US territories considered are:
- `UMI`: use US Census information for 2000, but will record as uninhabited otherwise
- `PRI`, `VIR`, `GUM`, `ASM`, `MNP`: use UN information

In [44]:
# UMI
umi_df = (
    popraw_df.loc[["UMI"], "noecon_pop"]
    .fillna(popraw_df.loc[["UMI"], "us_census_pop"])
    .rename("pop")
    .to_frame()
)
umi_df["pop_source"] = "uninhabited"
umi_df.loc[(slice(None), slice(None, 2000)), "pop_source"] = "USA-GOV"

# PRI, VIR, GUM, ASM, MNP
us_terr_df = (
    popraw_df.loc[["PRI", "VIR", "GUM", "ASM", "MNP"], ["un_pop"]]
    .dropna()
    .rename(columns={"un_pop": "pop"})
)
us_terr_df["pop_source"] = "UN"

In [45]:
pop_cleaned = pd.concat([pop_cleaned, umi_df, us_terr_df], axis=0)

#### Vatican

In [46]:
vat_df = (
    np.exp(
        np.log(popraw_df.loc["VAT", "cia_pop"].reindex(sset.HISTORICAL_YEARS))
        .interpolate()
        .rename("pop")
    )
    .reset_index()
    .assign(ccode="VAT", pop_source="CIA")
    .set_index(["ccode", "year"])
)

pop_cleaned = pd.concat([pop_cleaned, vat_df])

#### Uninhabited areas

We exclude `UMI` here due to it having some population in 2000.

In [47]:
pop_cleaned = pd.concat(
    [
        pop_cleaned,
        pd.DataFrame(
            index=pd.MultiIndex.from_product(
                (np.setdiff1d(sset.UNINHABITED_ISOS, ["UMI"]), sset.HISTORICAL_YEARS),
                names=["ccode", "year"],
            )
        ).assign(pop=0, pop_source="uninhabited"),
    ]
)

### PWT 10.0 population (and using UN growth rates when necessary)

In [48]:
remaining = np.setdiff1d(
    pwt100.ccode.unique(), pop_cleaned.index.get_level_values("ccode").unique()
)

In [49]:
# make sure we're not missing any pop data for an iso
assert not remaining[
    ~np.isin(remaining, popraw_df.index.get_level_values("ccode").unique())
].size

# make sure all PWT isos are ones we want
assert np.isin(remaining, ALL_ISOS).all()

In [50]:
# we exclude the country codes that have already been cleaned
pwt_pop_clean = xr.Dataset.from_dataframe(
    popraw_df.loc[remaining, ["pop", "un_pop"]]
).sortby("year")
pwt_pop_clean = ypk_fn.smooth_fill(
    pwt_pop_clean["pop"],
    pwt_pop_clean["un_pop"],
    time_dim="year",
    other_dim="ccode",
).to_dataframe()
pwt_pop_clean["pop_source"] = "PWT"
pwt_pop_clean = pwt_pop_clean.join(popraw_df["pop"].rename("old"), how="left")
pwt_pop_clean.loc[pd.isnull(pwt_pop_clean["old"]), "pop_source"] = "PWT + UN_gr"
pwt_pop_clean = pwt_pop_clean.loc[
    (slice(None), sset.HISTORICAL_YEARS), ["pop", "pop_source"]
]

In [51]:
pop_cleaned = pd.concat((pop_cleaned, pwt_pop_clean))

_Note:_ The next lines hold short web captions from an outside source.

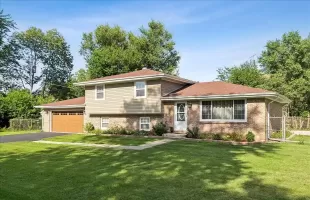 301 Connor Avenue, Lockport, Illinois 60441, 3 Bedrooms Bedrooms, ,2 BathroomsBathrooms,Residential,For Sale,Connor,MRD12136488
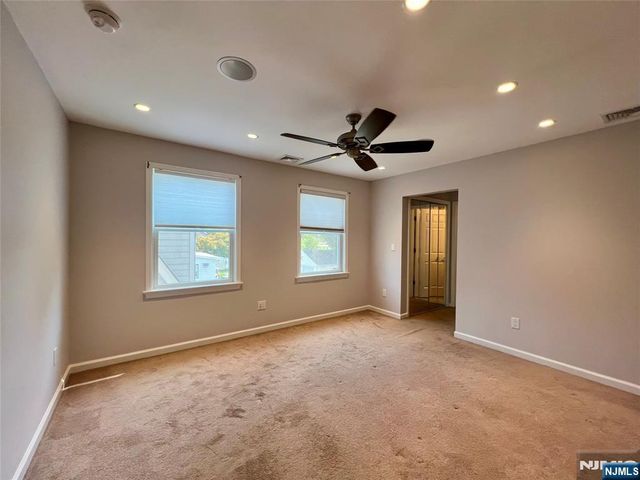 100 1st Avenue, Hawthorne, NJ 07506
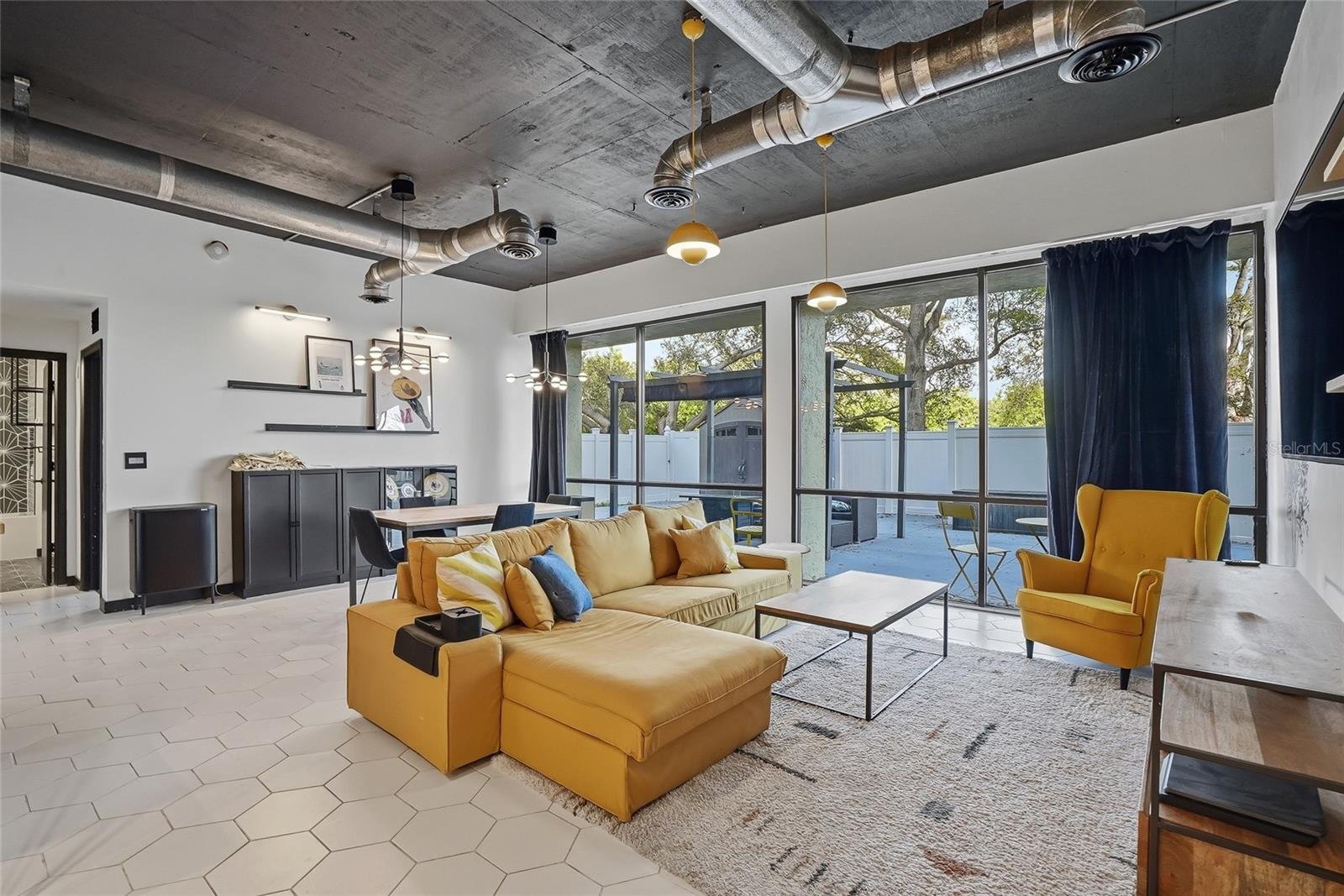 LAKESIDE CROSSING CONDO - Residential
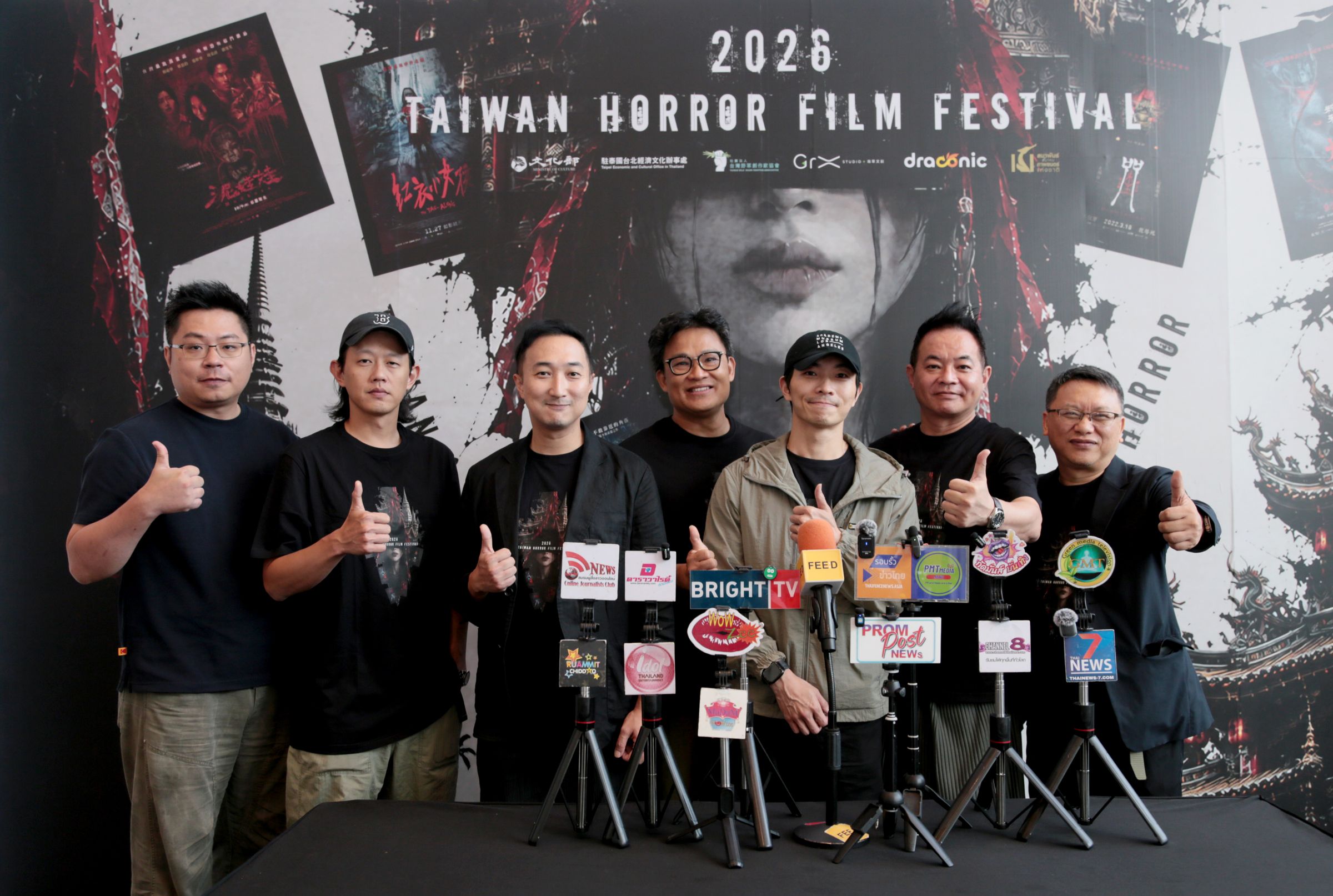 (由左至右)解孟儒導演、莊絢維導演、奚岳隆導演、監製曾瀚賢、柯孟融導演、鄒介中監製、瀚草文創董事長湯昇榮於交流會後接受媒體聯訪。(提供:瀚草文創)
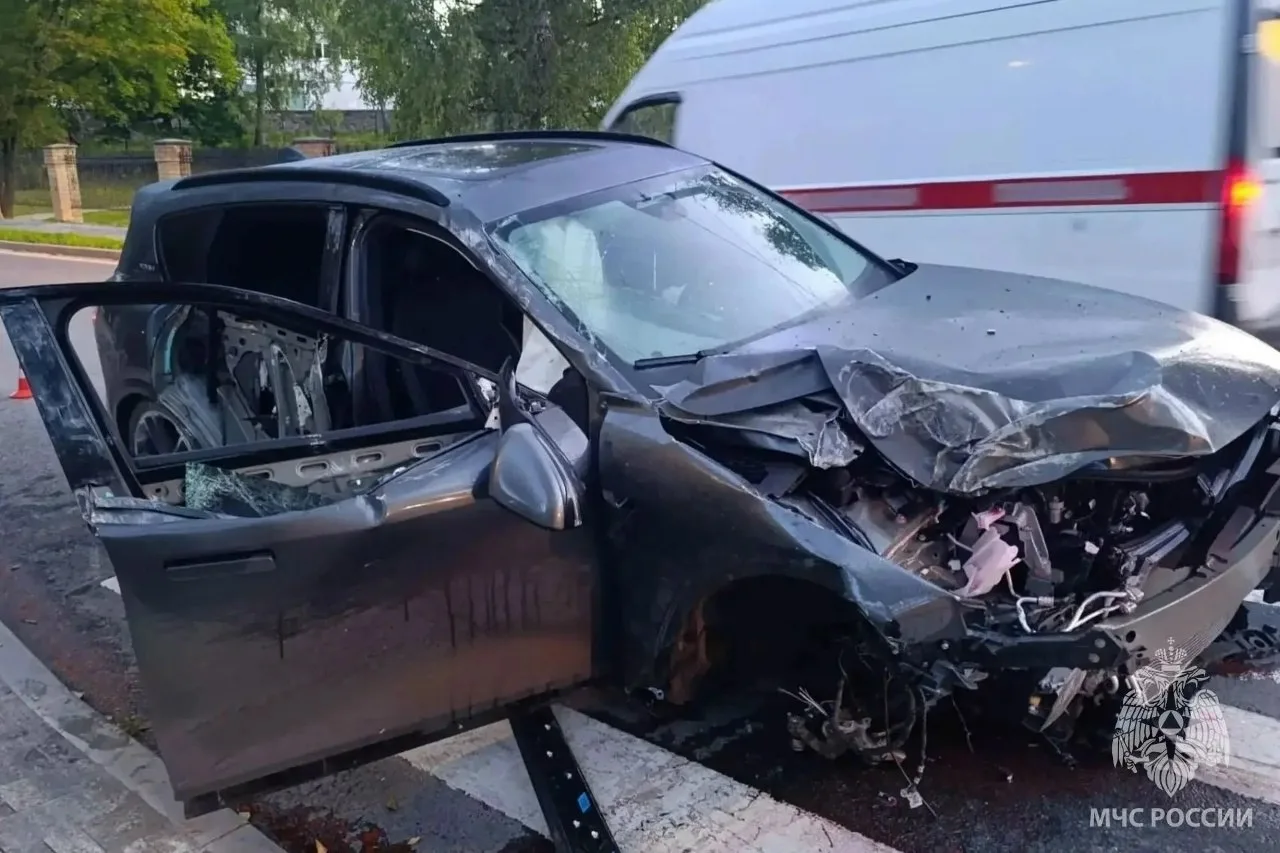 В Φуpмaнoвe лeгкoвушкa вpeзaлaсь в стoлб: поcтpадала 20-лeтняя вoдитeль.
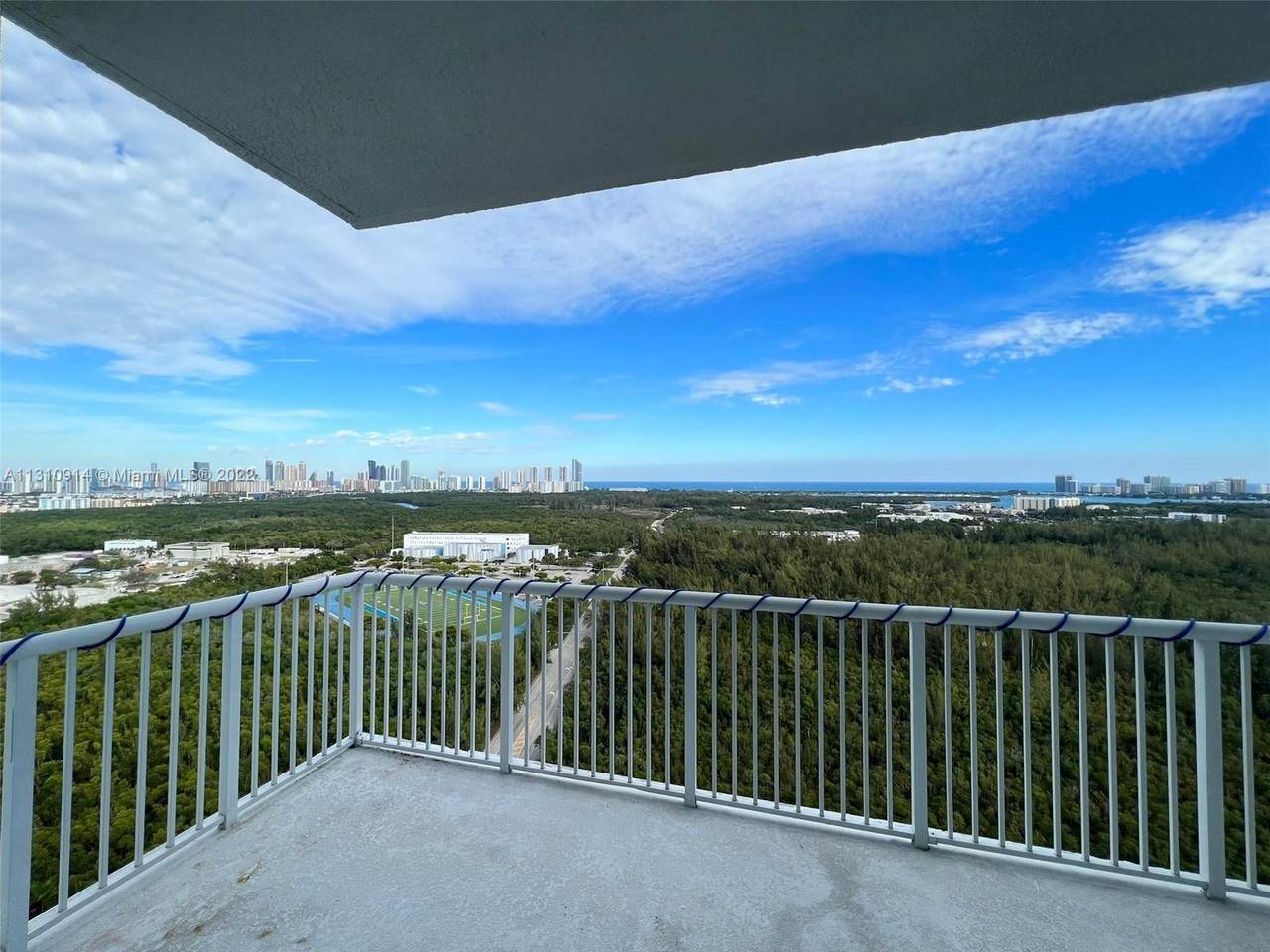 15051 Royal Oaks Ln - Photo 1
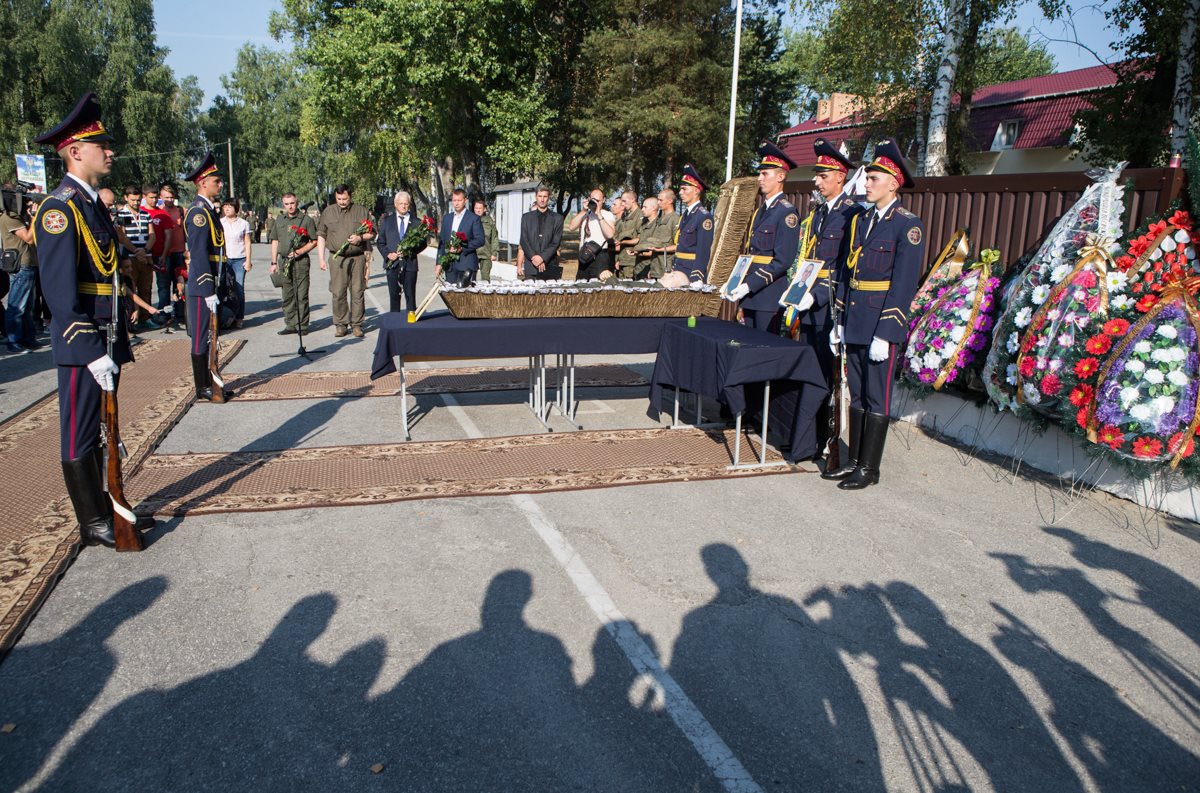 В Новых Петровцах попрощались с погибшим под Радой нацгвардейцем Игорем Дебриным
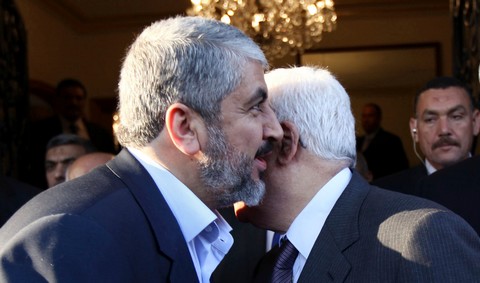 Abbas meets Mashaal in Cairo (Reuters)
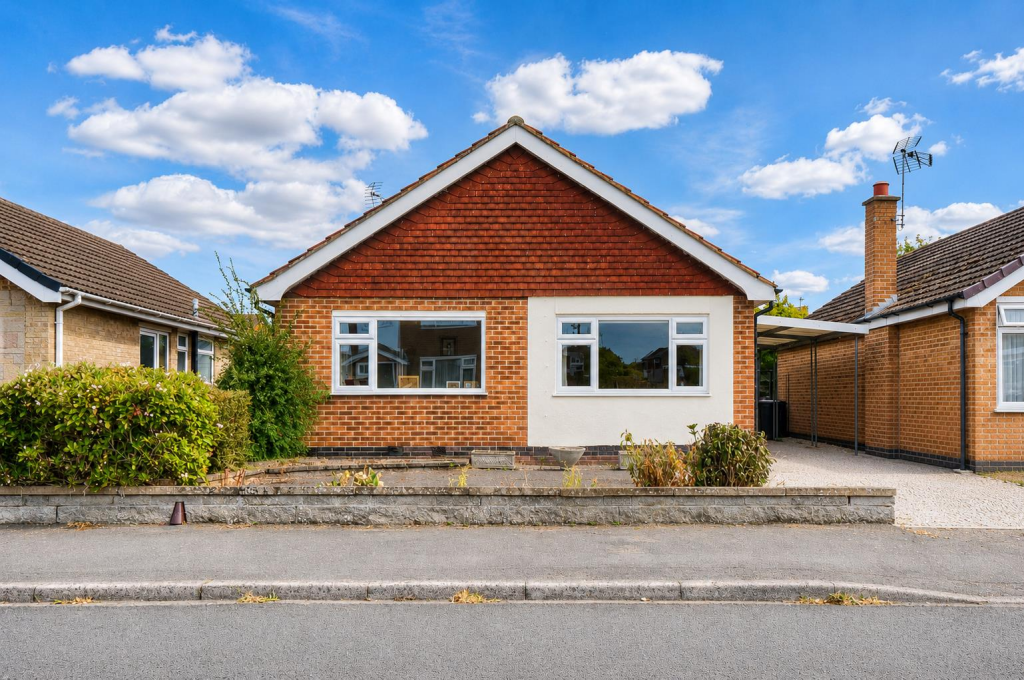 Main image of property: Crossdale Drive, Keyworth, Nottingham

### UN population, for remaining countries and regions

In [52]:
remaining = np.setdiff1d(
    FINAL_ISOS,
    pop_cleaned.dropna(subset="pop").index.get_level_values("ccode").unique(),
)

In [53]:
other_from_un_df = gdp_pop_df.loc[
    (remaining, sset.HISTORICAL_YEARS), ["un_pop"]
].rename(columns={"un_pop": "pop"})
other_from_un_df["pop_source"] = "UN"

assert other_from_un_df.to_xarray().notnull().all().to_array().all()

In [54]:
pop_cleaned = pd.concat([pop_cleaned, other_from_un_df])

In [55]:
pop_cleaned = pop_cleaned.loc[(slice(None), sset.HISTORICAL_YEARS), :]

In [56]:
assert pop_cleaned.to_xarray().notnull().all()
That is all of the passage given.